* [REQUIRED WORK] Take the lines below beginning at the line that has "WorldSBK 2021 |" and stopping after the line that has "Zonnepanelen losgerukt door harde wind", and print them exactly as they are, with no other lines.

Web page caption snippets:
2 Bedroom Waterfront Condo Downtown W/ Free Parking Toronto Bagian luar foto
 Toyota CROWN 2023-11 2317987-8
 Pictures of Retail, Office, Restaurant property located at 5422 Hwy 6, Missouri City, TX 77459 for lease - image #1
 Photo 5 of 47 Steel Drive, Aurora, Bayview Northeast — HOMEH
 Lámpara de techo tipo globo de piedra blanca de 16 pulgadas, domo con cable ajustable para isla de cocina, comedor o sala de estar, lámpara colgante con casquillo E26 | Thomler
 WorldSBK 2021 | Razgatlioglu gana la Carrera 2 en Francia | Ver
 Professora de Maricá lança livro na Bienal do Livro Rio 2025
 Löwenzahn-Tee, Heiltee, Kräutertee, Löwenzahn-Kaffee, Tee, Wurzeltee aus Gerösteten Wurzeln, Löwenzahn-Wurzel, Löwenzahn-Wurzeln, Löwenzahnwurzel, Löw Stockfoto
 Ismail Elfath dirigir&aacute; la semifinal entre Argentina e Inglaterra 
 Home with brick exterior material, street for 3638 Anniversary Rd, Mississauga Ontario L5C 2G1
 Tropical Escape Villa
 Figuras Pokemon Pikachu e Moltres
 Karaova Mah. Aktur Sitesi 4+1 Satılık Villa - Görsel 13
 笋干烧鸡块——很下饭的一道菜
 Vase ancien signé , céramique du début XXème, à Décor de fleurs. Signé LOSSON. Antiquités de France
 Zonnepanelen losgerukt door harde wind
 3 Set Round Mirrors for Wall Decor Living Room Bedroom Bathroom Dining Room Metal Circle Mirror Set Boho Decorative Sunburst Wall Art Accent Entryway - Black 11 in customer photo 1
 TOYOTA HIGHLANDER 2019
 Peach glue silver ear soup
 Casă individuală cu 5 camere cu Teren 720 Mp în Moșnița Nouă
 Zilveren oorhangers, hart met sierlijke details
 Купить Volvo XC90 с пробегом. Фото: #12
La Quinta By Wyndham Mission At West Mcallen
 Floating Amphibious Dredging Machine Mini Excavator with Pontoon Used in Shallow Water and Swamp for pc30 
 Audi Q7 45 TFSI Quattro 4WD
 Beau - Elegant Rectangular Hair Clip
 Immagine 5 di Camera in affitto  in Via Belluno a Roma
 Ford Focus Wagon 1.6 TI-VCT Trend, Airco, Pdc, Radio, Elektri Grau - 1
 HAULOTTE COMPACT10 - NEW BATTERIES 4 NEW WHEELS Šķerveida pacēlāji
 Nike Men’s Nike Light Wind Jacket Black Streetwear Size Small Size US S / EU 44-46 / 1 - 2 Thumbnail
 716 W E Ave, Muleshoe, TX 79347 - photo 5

* [ANSWER TO THE PROBLEM]
 WorldSBK 2021 | Razgatlioglu gana la Carrera 2 en Francia | Ver
 Professora de Maricá lança livro na Bienal do Livro Rio 2025
 Löwenzahn-Tee, Heiltee, Kräutertee, Löwenzahn-Kaffee, Tee, Wurzeltee aus Gerösteten Wurzeln, Löwenzahn-Wurzel, Löwenzahn-Wurzeln, Löwenzahnwurzel, Löw Stockfoto
 Ismail Elfath dirigir&aacute; la semifinal entre Argentina e Inglaterra 
 Home with brick exterior material, street for 3638 Anniversary Rd, Mississauga Ontario L5C 2G1
 Tropical Escape Villa
 Figuras Pokemon Pikachu e Moltres
 Karaova Mah. Aktur Sitesi 4+1 Satılık Villa - Görsel 13
 笋干烧鸡块——很下饭的一道菜
 Vase ancien signé , céramique du début XXème, à Décor de fleurs. Signé LOSSON. Antiquités de France
 Zonnepanelen losgerukt door harde wind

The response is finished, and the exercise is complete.